With doubts surrounding Chinese growth prospects having been a major feature of the FTSE 100‘s recent performance, the geographical exposure of companies has come more sharply into focus. Certainly, having an exposure to emerging markets and, particularly, China, has been seen as a major positive in the past. However, with the US and UK economies performing much better than their European counterparts and potentially offering greater stability than their emerging market peers, stocks that have significant exposure to those two markets could be strong performers in the medium to long term.
One consumer stock that is dominated by its exposure to the UK is Sports Direct (LSE: SPD). It has been a major success story of recent years, with a struggling UK economy forcing shoppers to focus more than ever on the price of their purchases. And, with its sound business model of being highly competitive on branded goods and being able to successfully cross-sell own-brand, high margin goods to customers, Sports Direct has posted a rise in its earnings of 25% per annum during the last five years.

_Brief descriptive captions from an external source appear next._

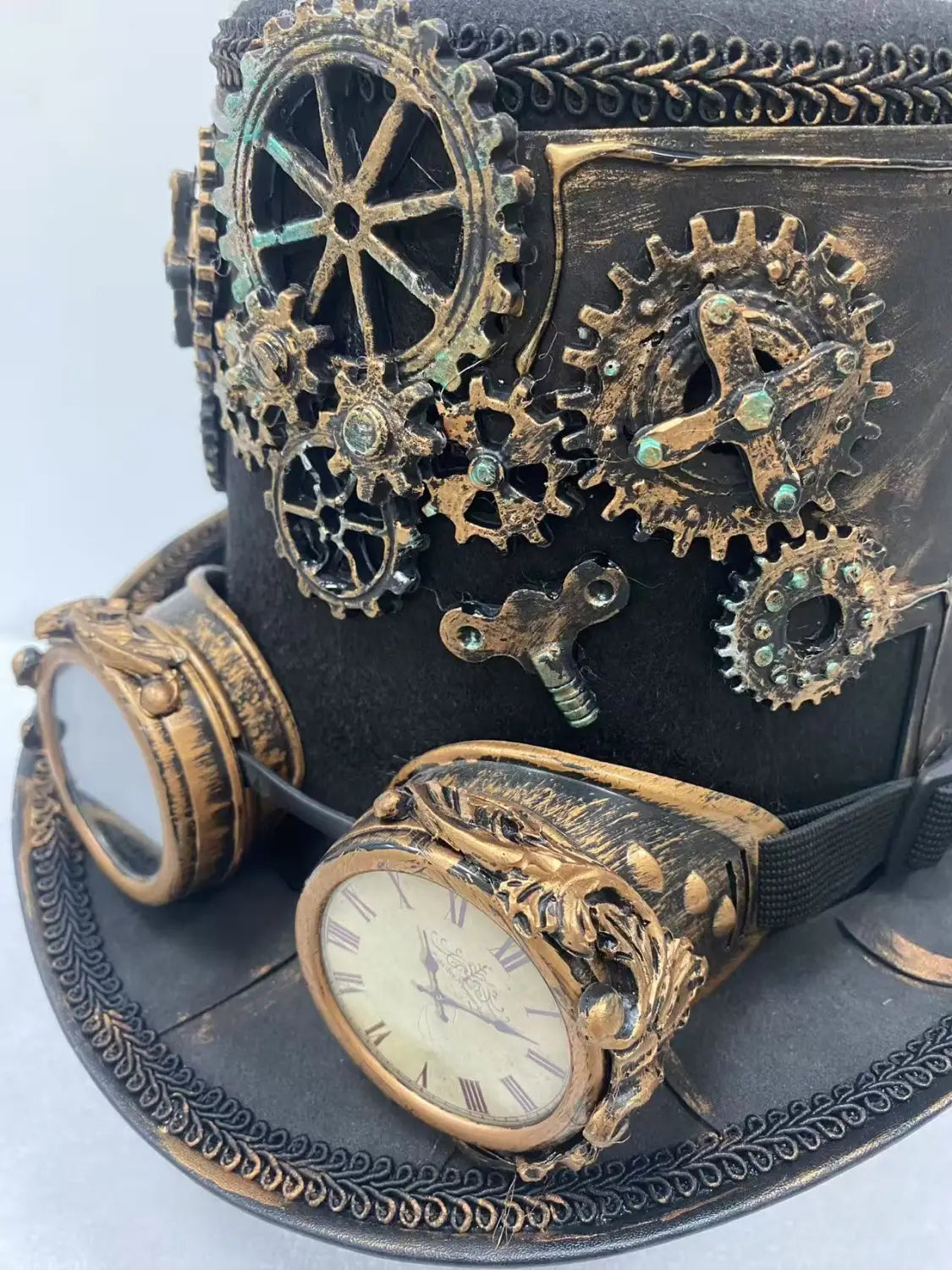 Steampunk top hat featuring brass and copper gears, a vintage clock face, and ornate goggles designed for stylish costume wear.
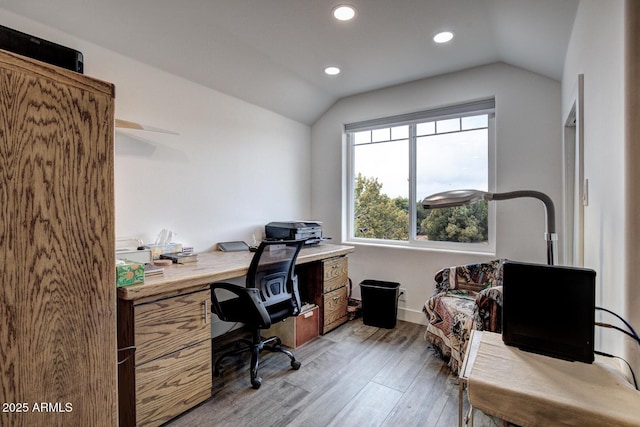 home office with vaulted ceiling, recessed lighting, baseboards, and light wood finished floors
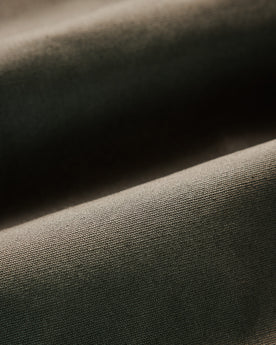 material shot of the ribbed neck opening on The Insulated Bomber Jacket in Fatigue Olive Dry Wax, Outerwear by Taylor Stitch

Looking ahead, Sports Direct is expected to deliver an increase in its earnings of 11% this year, followed by 15% next year. As a result, it trades on a price to earnings growth (PEG) ratio of just 1.1, which indicates that now is a great time to buy a slice of the business. That’s especially the case since shoppers continue to seek out discounted products even though their wages are now rising faster than inflation.
Meanwhile, Diageo (LSE: DGE) has considerable exposure to another economy that is performing well: the US. Certainly, it has increased its exposure to China in recent years, but it remains a truly global beverages company that should offer stability as well as upbeat growth performance as a number of its major markets pick up their growth pace.
Furthermore, Diageo continues to have a portfolio of brands that has huge appeal. Unlike a number of its sector peers, it does not focus on one drinks category, and so is a lower risk option. In other words, if sales of one beverage, for example vodka, were to decline then Diageo has vast exposure to whisky, rum, stout, tequila and other alcoholic beverages through which to pick up the slack. Therefore, as well as global diversity, Diageo has product diversity and, together, they make it a relatively low risk option.
Of course, exposure to the emerging world is no bad thing. Chinese growth rates may not be as high as they were a few years ago but, with growth of over 7% per annum, they remain very strong. As such, the likes of fashion designer Ted Baker (LSE: TED) and car dealer Inchcape (LSE: INCH) remain very enticing.
In recent years, both companies have increased their exposure to the emerging world and, looking ahead, are expected to reap the rewards. For example, Ted Baker is forecast to grow its earnings by 19% in the current year and by 16% next year. And, despite its shares having risen by 36% since the turn of the year, they still offer excellent value for money; as evidenced by a PEG ratio of only 1.7. Furthermore, with a strong balance sheet and well-respected brand, Ted Baker appears to have limited downside, too.
Similarly, Inchcape is due to post upbeat earnings numbers over the next couple of years. Its net profit is expected to rise by 9% next year, which puts it on a PEG ratio of 1.4. Certainly, China is an important market for Inchcape and for the wider automotive industry, with a rising number of middle class individuals there seeking out premium car ownership. And, while doubts may remain in the short run surrounding the Chinese growth story, the fact is that it remains a fast-growing market for consumer goods and, as such, Inchcape remains well-placed to continue the 12% per annum growth rate that it has posted in the last four years.